Frente a los fenómenos de la naturaleza, a las páginas del libro, al cuadro, o escuchando una canción, cada persona elabora su propia historia, concibe su cuento singular: el de quienes éramos alborada en los años 30, de alguna manera fuimos tocados por el encantamiento gardeliano, por disfrazarse de magnate, con chistera y todo, por su rutilante y torcida sonrisa de señorito malevo, por la alcurnia con que entonaba la poesía de Le Pera, por ser un afortunado mozalbete de barrio, como lo éramos todos entonces, aunque sin fortuna, por todo eso lo adoptamos como ejemplo y paradigma. Por eso es que lo recordamos tan fielmente, por eso se explica lo inextinguible de su memoria, porque era nuestro familiar y nuestro amigo, nuestro compañero, adherido a las primeras experiencias, a ese embriagante, oscuro y palpitante descubrimiento del amor en germen, esperándonos en su tibio y húmedo regazo, forzado por el canto a revelarnos su, para entonces, misteriosa incógnita.
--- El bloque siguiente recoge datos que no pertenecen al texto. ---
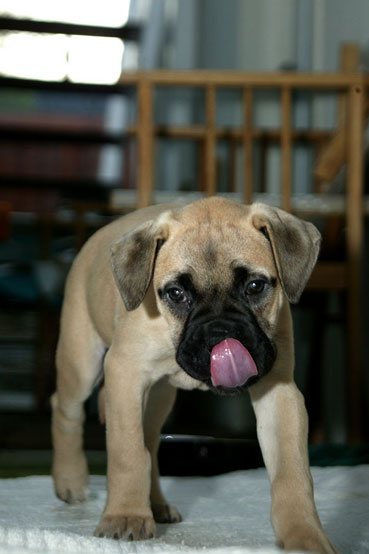 Mastiff (chiot)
Almeida Urrutia: Nació en Riobamba, Fue maestro de Primeras Letras en el Oriente Ecuatoriano. Escritor y periodista, popularizó en la prensa del país el seudónimo "Doctor Guillotín "al pie de sus comentarios sobre la actualidad política nacional e internacional. Fue director del diario "La Tierra" del Partido Socialista. Su novela "Sobre el árbol abatido" mereció elogiosos conceptos de la crítica especializada. Fue Secretario del Congreso Nacional, Secretario General de la Administración, encargado de negocios en El Salvador; Ministro Consejero en París; Embajador en México, Perú, Santa Sede y Argentina y Embajador adjunto ante el gobierno de Salvador Allende en la República de Chile.